An expansion is a sequence of units. The units are:

Terminals

A token to match, written either as a string literal ("while") or as a token reference in angle brackets (<IDENTIFIER>, <EOF>). A string literal used here implicitly defines a token unless REQUIRE_TOKEN_DECLARATION is set; see Lexical Specification.

Non-terminals

The name of another production, optionally with arguments — Expression or ArgumentList(true). This calls the named production at that point in the parse.

Sequences

Writing units one after another matches them in order: <IF> "(" Expression ")" Statement.

Choices

| separates alternatives, matching exactly one of them: Statement : IfStatement | WhileStatement | Block.

The grouping and repetition operators apply to a parenthesized expansion:

Form

Meaning

( )

grouping

( )?

optional — zero or one occurrence

[ ]

optional — an equivalent spelling of ( )?

( )*

zero or more occurrences

( )+

one or more occurrences

For example, an optional else clause and an optional list of comma-separated arguments:

IfStatement : <IF> "(" Expression ")" Statement [ <ELSE> Statement ] ;

ArgumentList : "(" [ Expression ( "," Expression )* ] ")" ;

Embedded code and actions

Braces enclose embedded code written in the target language. Two types of code embeddings are defined based on their position: a declaration prologue immediately after the colon, holding local declarations for the production, and actions interspersed in the expansion, which run when the parser reaches that point.

The following grammar parses a sum of integers and actually evaluates it. The production has a return type (int), a prologue declaring two locals, and actions that accumulate the total:

PARSER_PACKAGE = "prod.test";

SKIP : " " | "\t" | "\r" | "\n" ;

TOKEN : <NUMBER : (["0"-"9"])+ > ;

int Sum :
   {
      int total = 0;
      Token n;
   }
   n = <NUMBER> { total += Integer.parseInt(n.toString()); }
   ( "+" n = <NUMBER> { total += Integer.parseInt(n.toString()); } )*
   <EOF>
   { return total; }
;

The assignment n = <NUMBER> captures the matched token into the local variable n; n.toString() is its matched text. Because Sum declares a return type, the generated method returns a value, so a caller can write:

int result = new SumParser("1 + 2 + 3").Sum();   // result == 6

Note

Embedded code ties a grammar to one target language. A grammar that uses Java actions like the one above generates a working parser only for Java. To keep a grammar usable across all four target languages, avoid embedding target-language code in productions, or provide per-language variants; see the Target Language Guide.

Full declaration syntax

Beyond the common Name : expansion ; form, a production declaration may include several optional parts, in this order:

[access]  [ReturnType]  Name  [(parameters)]  [throws …]
    [ #NodeDescriptor ]  [ RECOVER_TO expansion ]  :
    [ LexicalState : ]  expansion ;
access modifier

public, private, or protected on the generated method.

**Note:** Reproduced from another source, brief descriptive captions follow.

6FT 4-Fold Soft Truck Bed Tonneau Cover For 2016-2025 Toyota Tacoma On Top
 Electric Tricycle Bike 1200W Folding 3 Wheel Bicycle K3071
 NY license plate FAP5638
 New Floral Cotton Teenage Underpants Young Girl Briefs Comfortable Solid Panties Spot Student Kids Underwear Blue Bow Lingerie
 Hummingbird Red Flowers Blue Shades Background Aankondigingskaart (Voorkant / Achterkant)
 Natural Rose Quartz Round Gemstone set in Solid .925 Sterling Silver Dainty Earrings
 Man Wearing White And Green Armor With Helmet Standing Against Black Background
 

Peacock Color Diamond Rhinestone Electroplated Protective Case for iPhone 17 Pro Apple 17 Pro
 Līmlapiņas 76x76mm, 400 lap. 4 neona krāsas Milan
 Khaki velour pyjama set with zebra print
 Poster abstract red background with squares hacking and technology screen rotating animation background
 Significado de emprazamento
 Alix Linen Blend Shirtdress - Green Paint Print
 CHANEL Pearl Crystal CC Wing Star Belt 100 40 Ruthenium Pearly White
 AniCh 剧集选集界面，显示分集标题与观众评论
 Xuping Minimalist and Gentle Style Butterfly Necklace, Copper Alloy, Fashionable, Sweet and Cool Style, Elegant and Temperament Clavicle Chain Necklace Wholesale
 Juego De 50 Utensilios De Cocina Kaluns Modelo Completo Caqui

return type and parameters

A production may declare a return type and a formal parameter list, exactly as the above Sum example returns int. Parameters let one production pass information to another: ArgumentList(boolean allowEmpty) is called as ArgumentList(true).

throws list

Declares checked exceptions the production’s method may throw.

node descriptor

A # annotation controls the tree node the production builds — its name, or whether it builds a node at all. Node descriptors are covered in Tree Building.

RECOVER_TO and !

Markers used by fault-tolerant parsing, described in Fault-Tolerant Parsing.

starting lexical state

Name : STATE : expansion ; makes the production begin matching in the named lexical state.

Lookahead and assertions in expansions

Two further types of descriptors may appear in an expansion, but they are discussed elsewhere because they govern how the parser matches rather than what it matches:

  • SCAN, the up-to-here markers (=>||), and => control lookahead at choice points — see Disambiguation.

  • ASSERT and ENSURE assert conditions during parsing or lookahead, and FAIL forces an error — also in Disambiguation.